__TASK DETAILS__
Return the whole listing exactly, omitting the pictures.

__DATA SEGMENT__
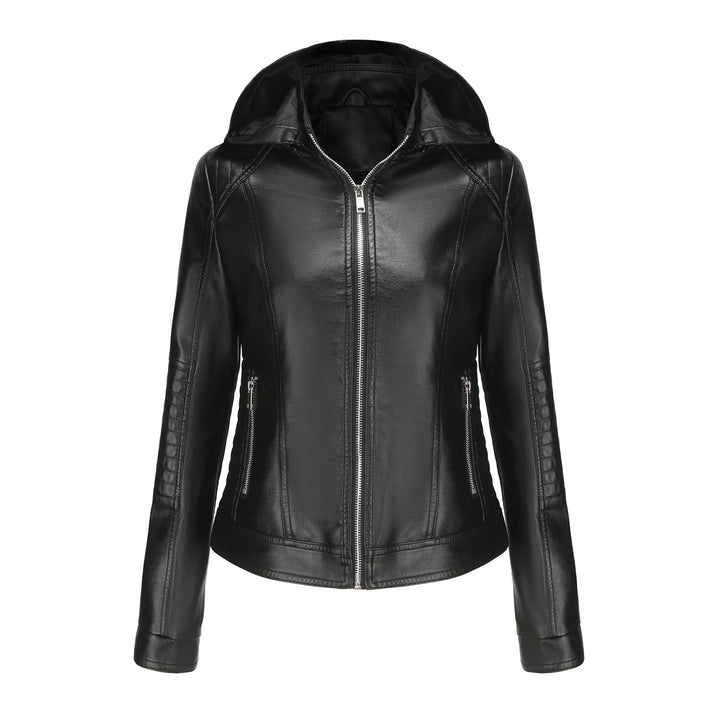 High-quality synthetic leather hooded jacket for women Lune London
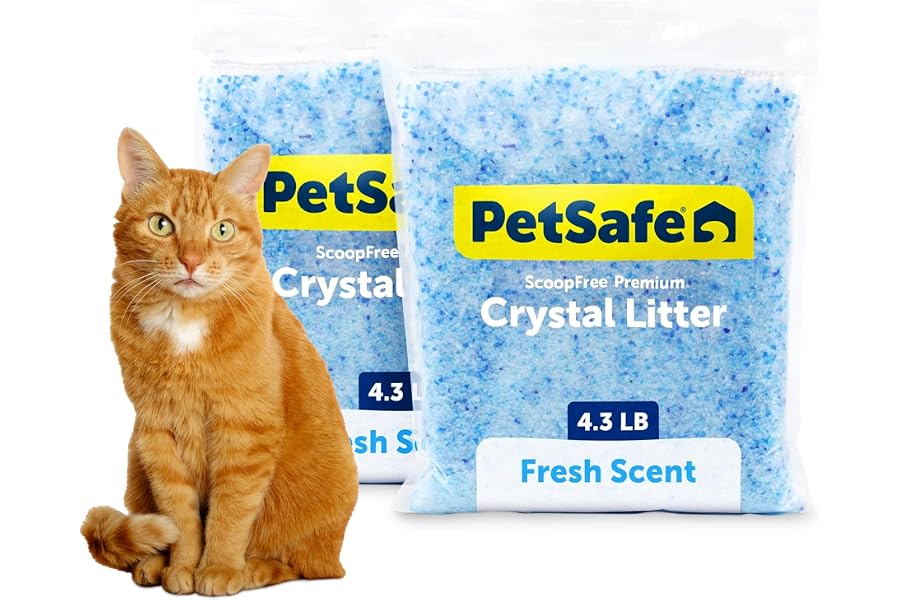 PetSafe ScoopFree Premium Crystal Litter, Fresh Scent, 4.3 Lb Bag, 2 Pack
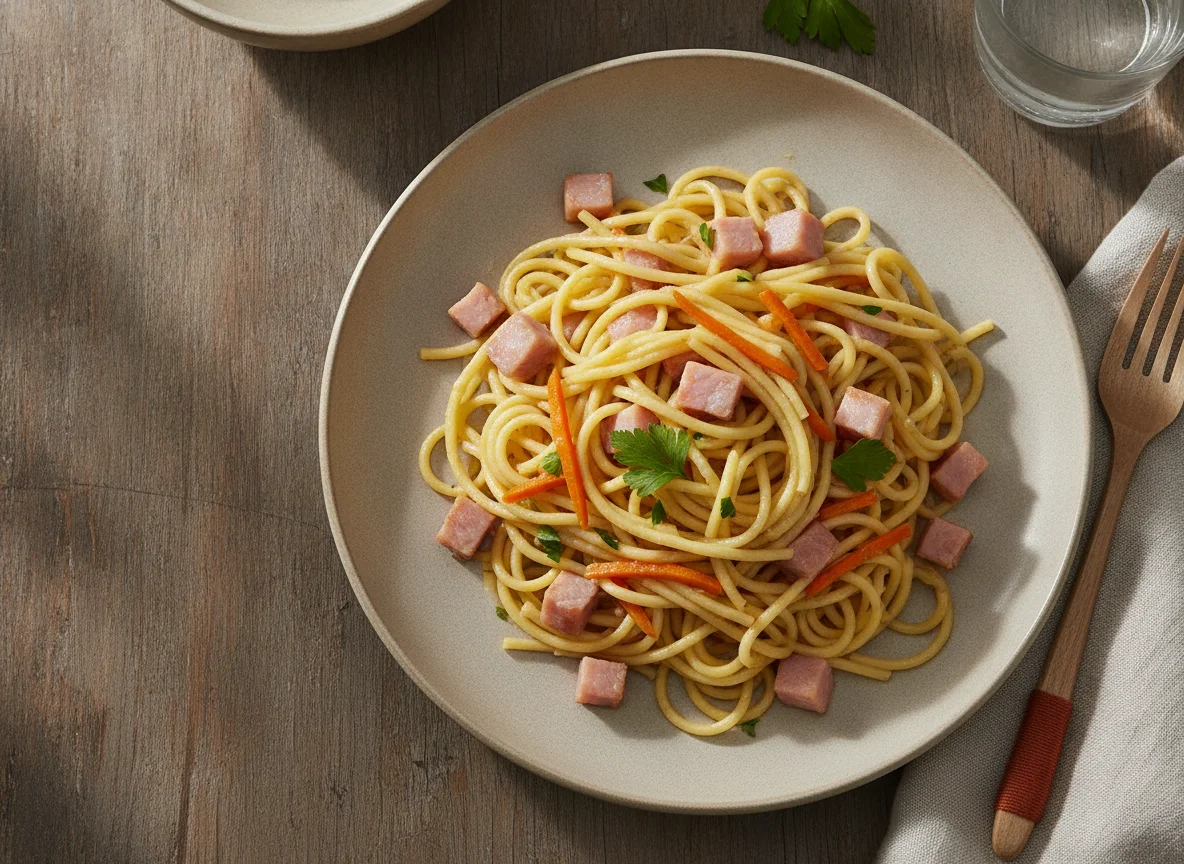 Egg Noodles with Ham and Carrots photo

__EXERCISE SOLUTION__
 High-quality synthetic leather hooded jacket for women Lune London
 PetSafe ScoopFree Premium Crystal Litter, Fresh Scent, 4.3 Lb Bag, 2 Pack
 Egg Noodles with Ham and Carrots photo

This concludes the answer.